■ Your instructions
Below are entries with pictures in them. Output exactly the lines starting at the line with "2013 Эндуро пробеги" and ending at the line with "Boggi Milano Chemise En Coton Dobby Slim Fit", both included, but not the pictures.

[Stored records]
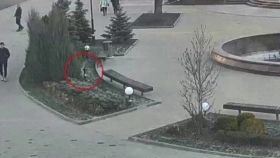 Одним менше: з Площі Небесної сотні у Вінниці вночі вкрали ліхтар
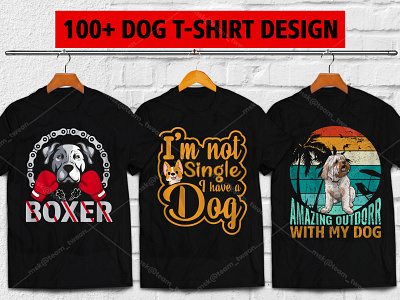 100+ Dog Premium T-shirt Design dog dog lover dog t shirt dog vector uiux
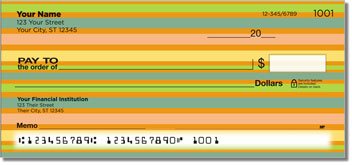 Horizontal Stripe Personalized Checks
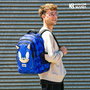Sonic The Hedgehog Mochila Running PLUS Sight 32L, 3 Compartimentos, USB, Ripstop, Azul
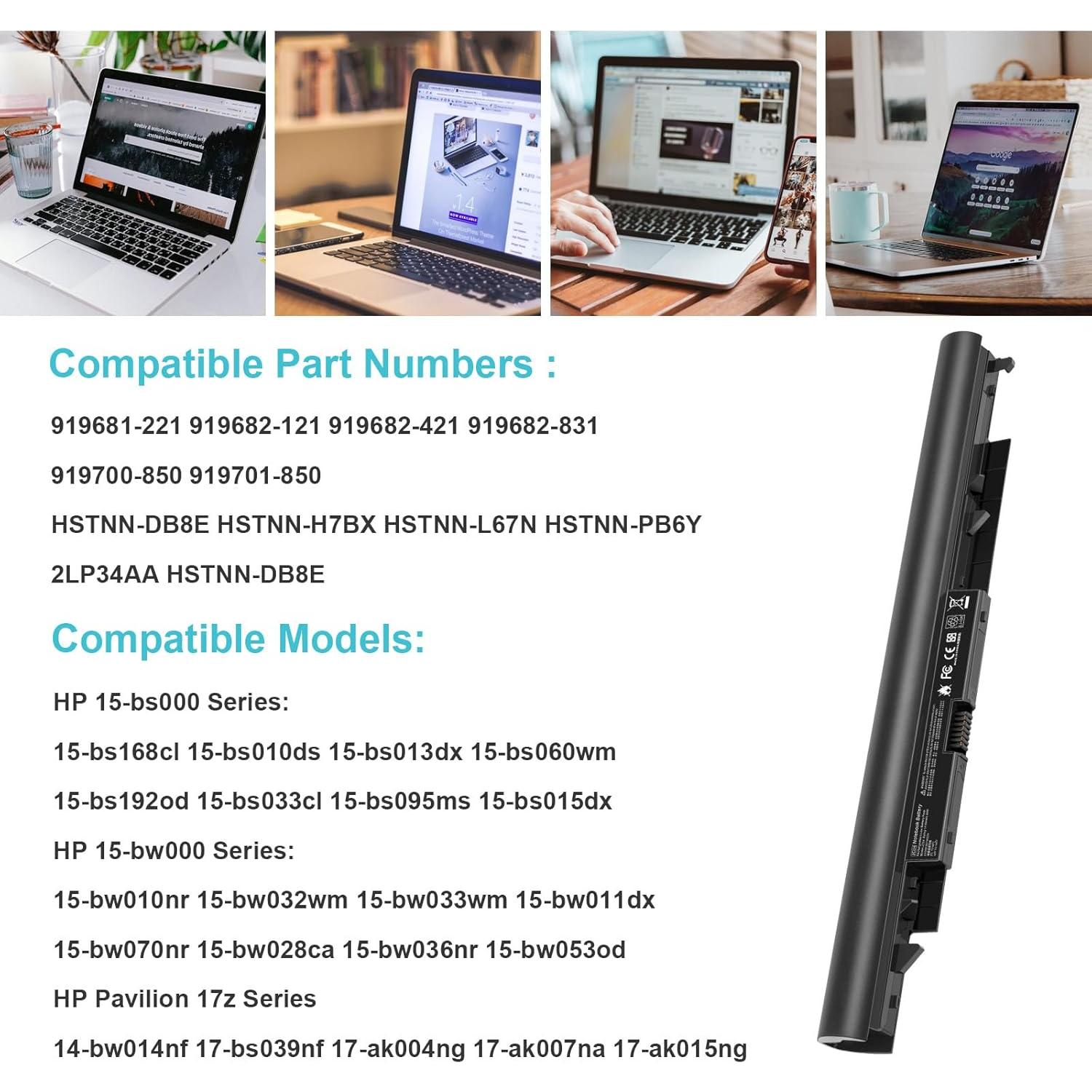 Batería de Laptop Li-ion 2200mAh HP 919700-850 JC03 JC04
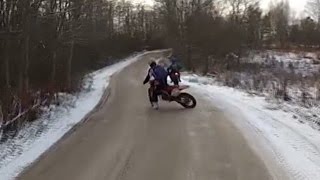 2013 Эндуро пробеги Зима Клип Enduro Winter Clip [upl. by Gabriele885]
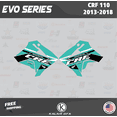 thumbnail image 3 of Kalair GFX Graphics Kit for Honda CRF110F (2013-2018) Evo Series, 3 of 5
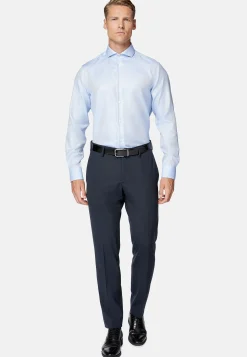 Boggi Milano Chemise En Coton Dobby Slim Fit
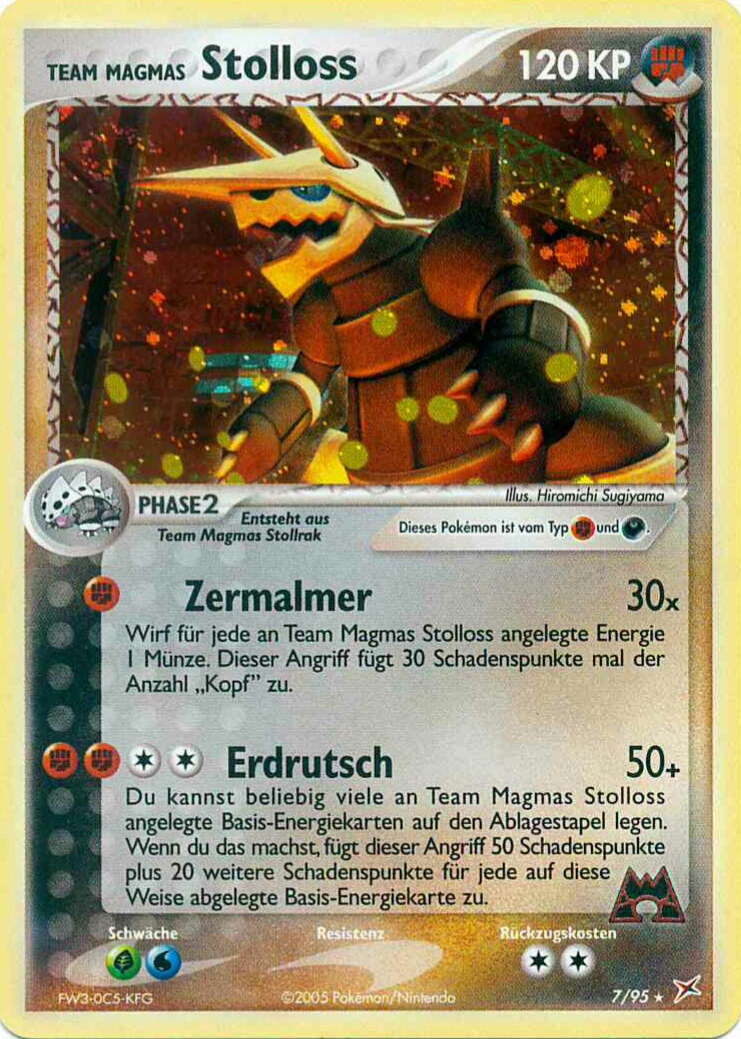 Team Magmas Stolloss 7 — EX Team Magma vs Team Aqua (German Pokémon TCG card)
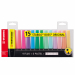 Busta 15 colori assortiti.
Classica forma appiattita antirotolamento. Inchiostro fluido a base d'acqua. Tecnologia  Anti-Dry-Out: resiste 4 ore senza cappuccio. Punta scalpello con tratto da 2 a 5mm.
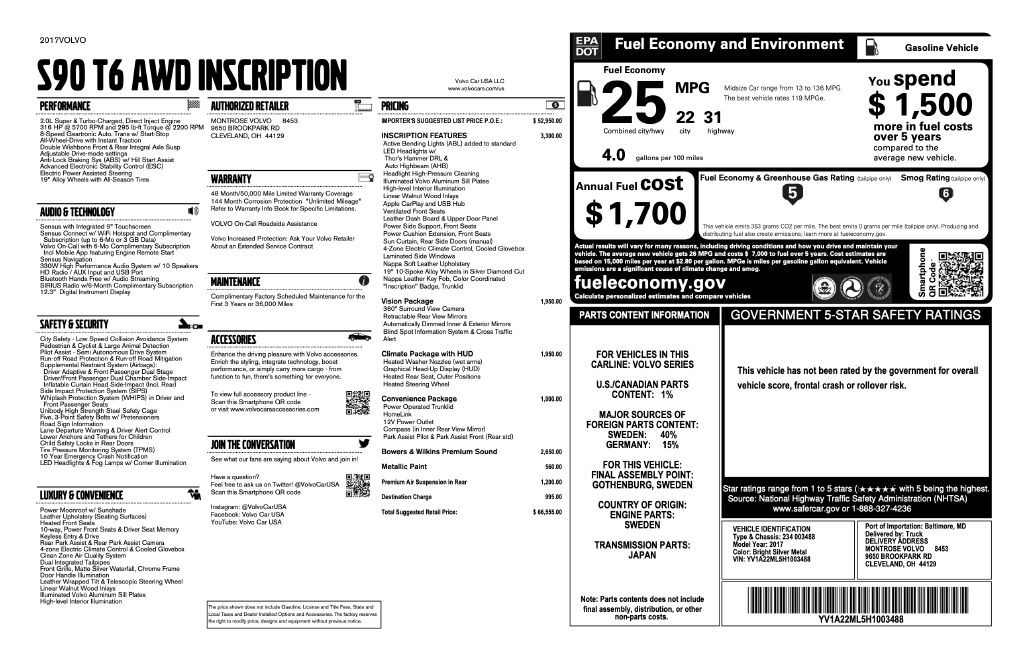 2017 Volvo S90 Image 10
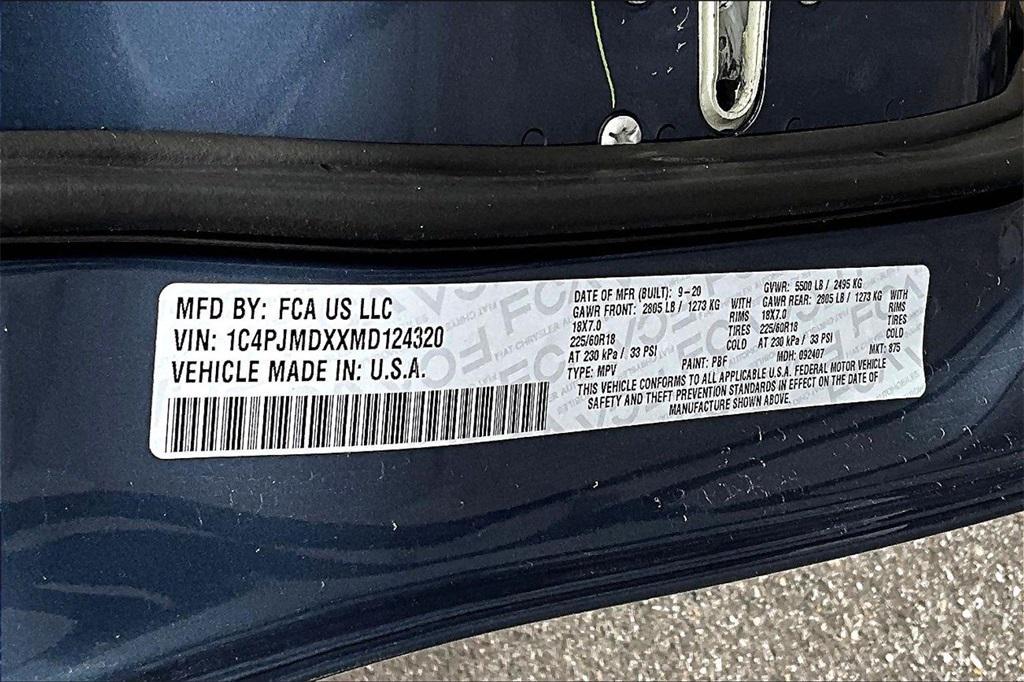 used 2021 Jeep Cherokee car, priced at $21,606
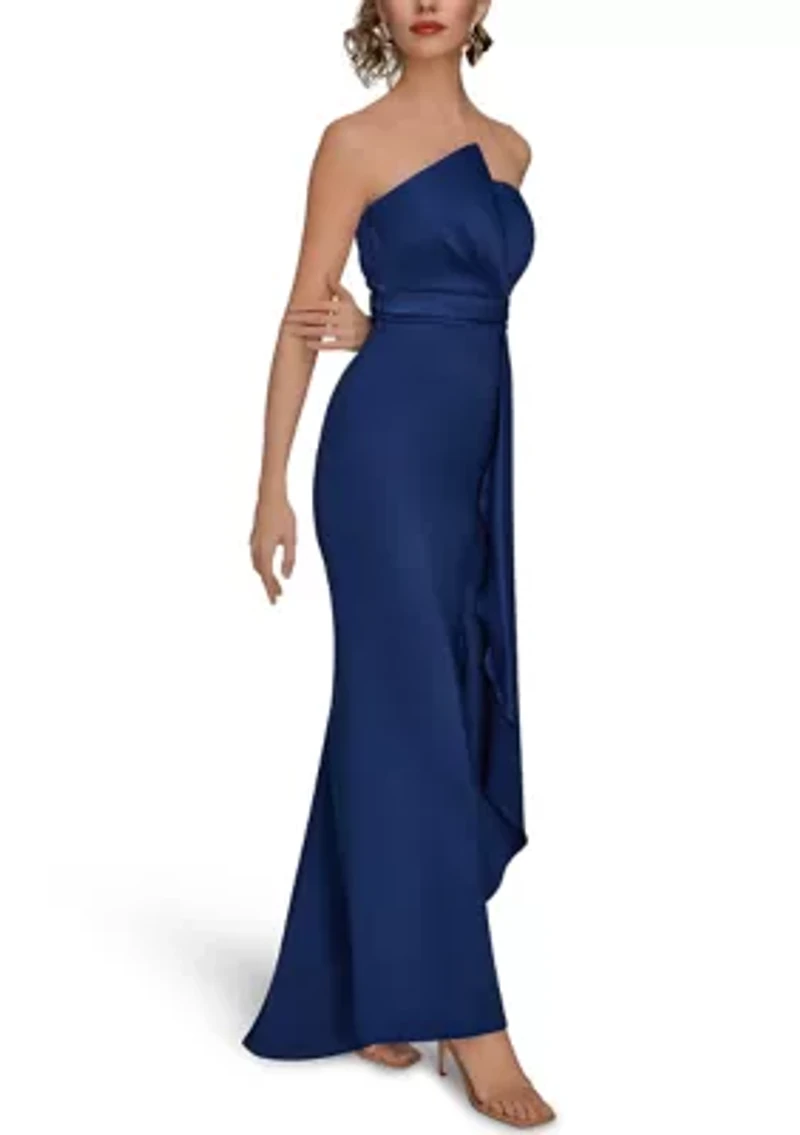 Women's Strapless Column Gown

■ Reply to the task
 2013 Эндуро пробеги Зима Клип Enduro Winter Clip [upl. by Gabriele885]
 thumbnail image 3 of Kalair GFX Graphics Kit for Honda CRF110F (2013-2018) Evo Series, 3 of 5
 Boggi Milano Chemise En Coton Dobby Slim Fit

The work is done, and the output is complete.